Fuck no, Solana. That’s what has you locked away now.
“You don’t sound so good, Mexi-Mami. Describe to me how you feeling… But in English. I ain’t that advance yet.”
If he kept asking me what his slogans and insults meant without repeatedly hearing or saying them, he’d never be fluent in Español. But, then again, Shio could keep me down here forever, and Italian could become a better Spanish speaker than his older cousin.
“I… I don’t mean to be a… Uhhh, a perra… No, no… It’s puta in America. I don’t mean to be a puta?—”
“A bitch! I know that one.”
“Yes, sí…” I cleared my throat as best as I could, but it was so dry. “It hurts to talk, Italian. Stabbing in my stomach… I am shaking, but I’m not cold. My teeth hurt. My arms and legs are sore. I feel pain everywhere… But you don’t need to worry about me. I-I justtt need r-rest.”
White-hot pain flowed through my body as I sputtered the last few words. It almost felt as if something inside of me was broken, like a blade had penetrated my skin and been wedged in between my organs.
“Man, you slept all day yesterday, Solana.”
“I know…”
I could hear more shuffling and then the sliding of the door slot. Italian sounded clearer when he yelled through the slot. “Hold the…Man! Fuck you on the floor for? Shit! I need to call?—”
“No… D-don’t call anyone.”
Especially him.
I missed him. I missed him so much. I missed our routine. I missed the subtle glances he’d toss my way. I missed his authoritative nature. I missed his intense workout sessions. I missed existing in his space, even on the days I was high and locked in the bedroom. That night in the tub—even through his foggy eyes—he looked at me in a way that said he’d do whatever it took to win me. He was ready to do whatever to protect me. Helooked at me as if I were the most precious thing in the world. I couldn’t face him. I wanted to see him, but not like this. Not while I was sick, hunched over, and in agony.

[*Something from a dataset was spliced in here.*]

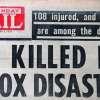 Ibrox 1971, un inferno da non dimenticare. E la triste storia di Margaret Ferguson...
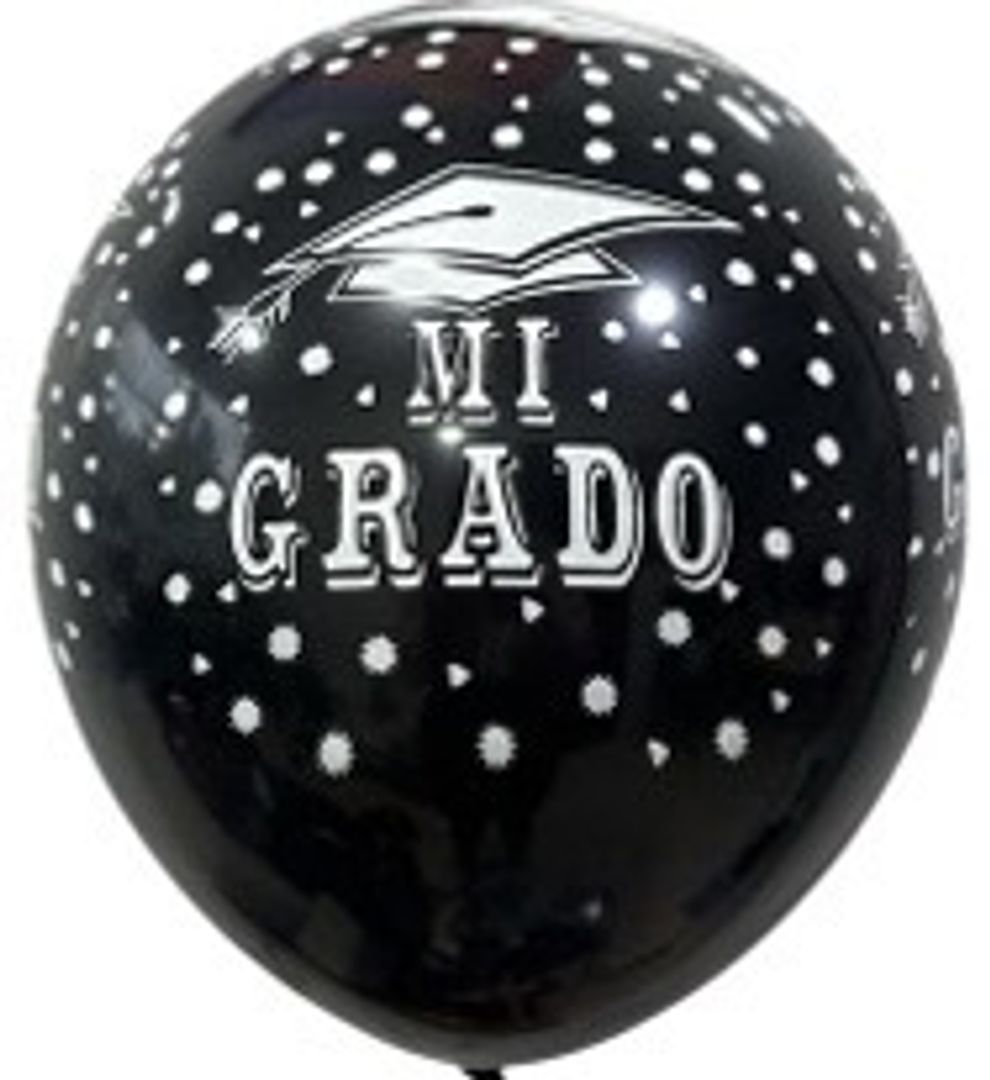 MI GRADO R12 x100 x COLOR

The sliding of the metal door sounded again, this time screeching louder than the door slot. I knew that it was opening, but the door opened in many ways. It could be opened into two halves, as a full door, or by the slot handles on the top and on the bottom half. Italian had only been using the bottom slot to get me food. I was in too much pain to lift and see which way he’d opened the door today.
“Fuuuuck, Mexi-Mami. Want me to come in? I can help you get on the bed?”
“No… No… I-I’m okay. I’ll be o-okay.”
I closed my eyes and counted as the shooting torture raced through me again as I sat up. I was shaking harder than I had when I first got on the bed. I felt liquid drip down my nose, and I sniffed, but more fluid rushed into my nostrils. I swiped my face with the back of my wrist, but my skin was so dry that my hand felt like sandpaper. I felt like my nose was running, yet nothing was there.
“Yo’ nose runnin’?”
I could feel eyes on me, and rightly so, since Italian was peering through the slot. I didn’t have the energy to even turn around and get a glimpse of the person who’d been feeding me and keeping me company, even though a steel door separated us.
“Hold up. I know what to do… Aye, Alexa. What can I do when a crackhead is going through withdrawals?”
“Crack?” I said, not sure he heard me until he chuckled.
“Damn, my bad, Mexi-mami. Hold up… Alexa. What can I do to help a person who is going throughcocainewithdrawal?”
“Did you ask what you should do if a person is experiencing withdrawal from cocaine?” a robotic voice replied to Italian, loud enough that I could also hear.
“Yeap.”
“Okay. Someone going through cocaine withdrawal may experience fatigue, mood changes, and strong cravings. It can help to encourage rest, keep them hydrated, and support them in contacting a medical professional or addiction specialist.”
“Damn. Okay, so, she can’t take no Tylenol or no shit like that?”
“Over-the-counter options like Tylenol may help with headaches or body aches, but they won’t address withdrawal symptoms. A healthcare provider can offer the best guidance.”
“Aye, man. Ain’t nobody going to no doctors,” Italian said with an attitude, then sucked his teeth. “Damn. Alexa… How long does this shit last?”
“Cocaine withdrawal symptoms can begin within a few hours after the last use and may last several days to a few weeks. Some psychological symptoms, like cravings or mood changes, can last longer. I highly suggest contacting a medical professional.”
“Psychological? What you mean? She gonna start seeing shit?” he asked in a near-panicked tone.